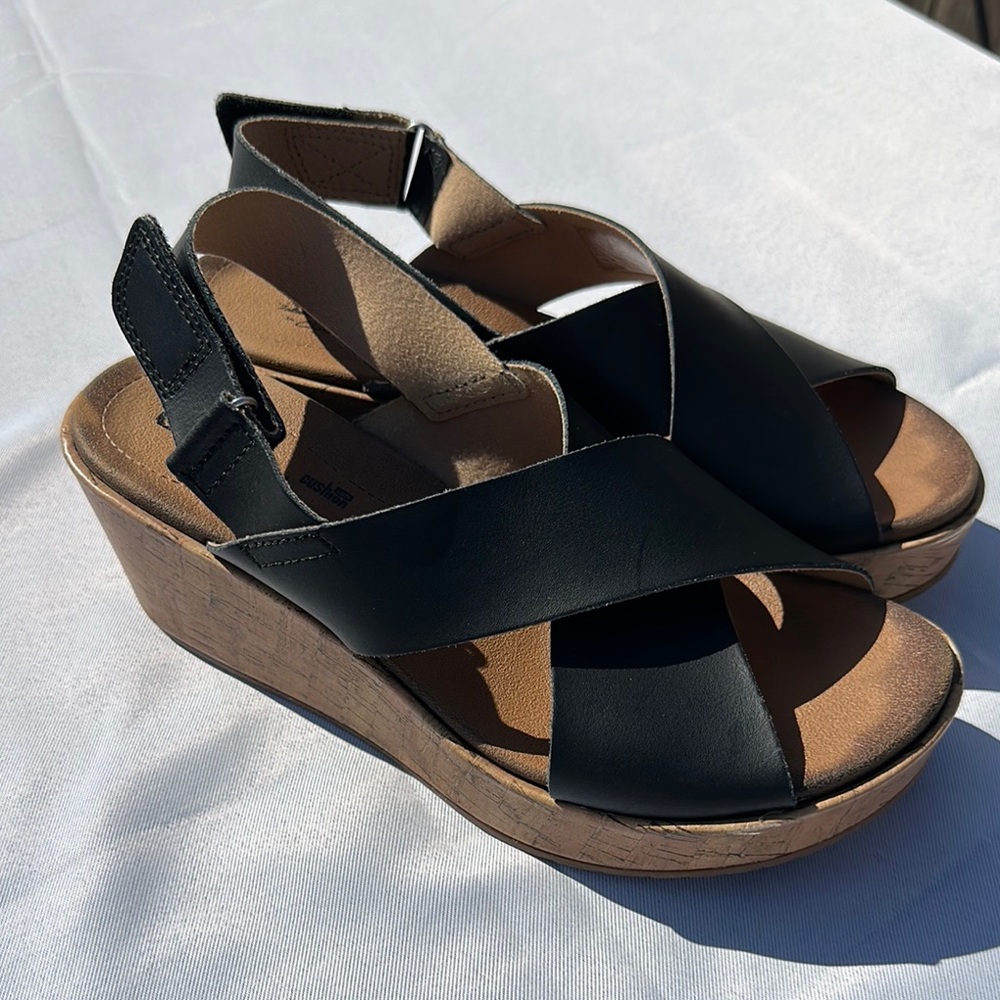 Clarks Black and Brown Wedge Sandals with Crisscross Straps
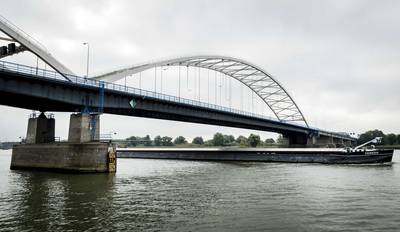 bdheusdenaltena's tweet image. Kamer wil opheldering over Merwedebrug: ‘Hoe het kan dat er volgens Rijkswaterstaat geen acuut veiligheidsrisico was’ dlvr.it/QwvBw0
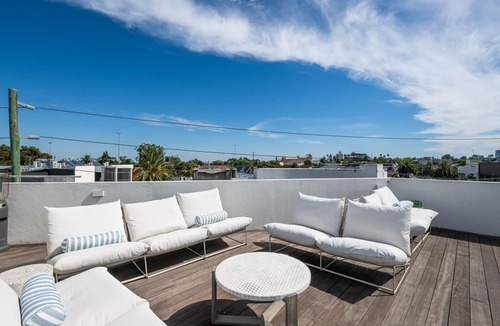 Saint Kilda South Apartment | The Barkly Scene with Rooftop Retreat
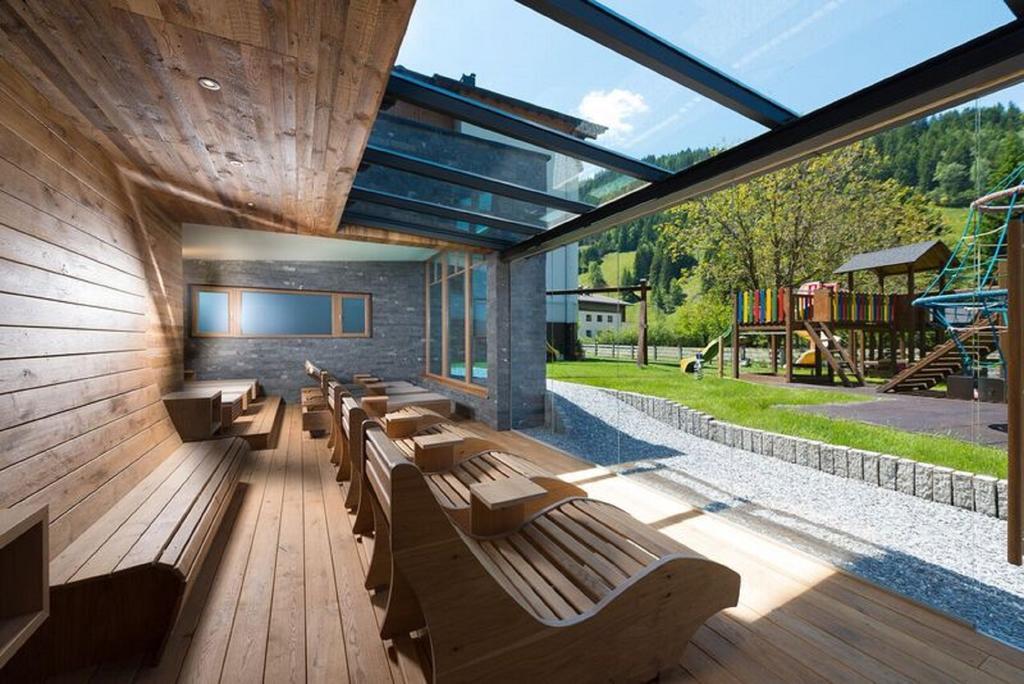 Hotel Alpina Рауріс Екстер'єр фото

^^^^^^^^

What you return should be the whole listing, word for word, without its pictures.

 Clarks Black and Brown Wedge Sandals with Crisscross Straps
 bdheusdenaltena's tweet image. Kamer wil opheldering over Merwedebrug: ‘Hoe het kan dat er volgens Rijkswaterstaat geen acuut veiligheidsrisico was’ dlvr.it/QwvBw0
 Saint Kilda South Apartment | The Barkly Scene with Rooftop Retreat
 Hotel Alpina Рауріс Екстер'єр фото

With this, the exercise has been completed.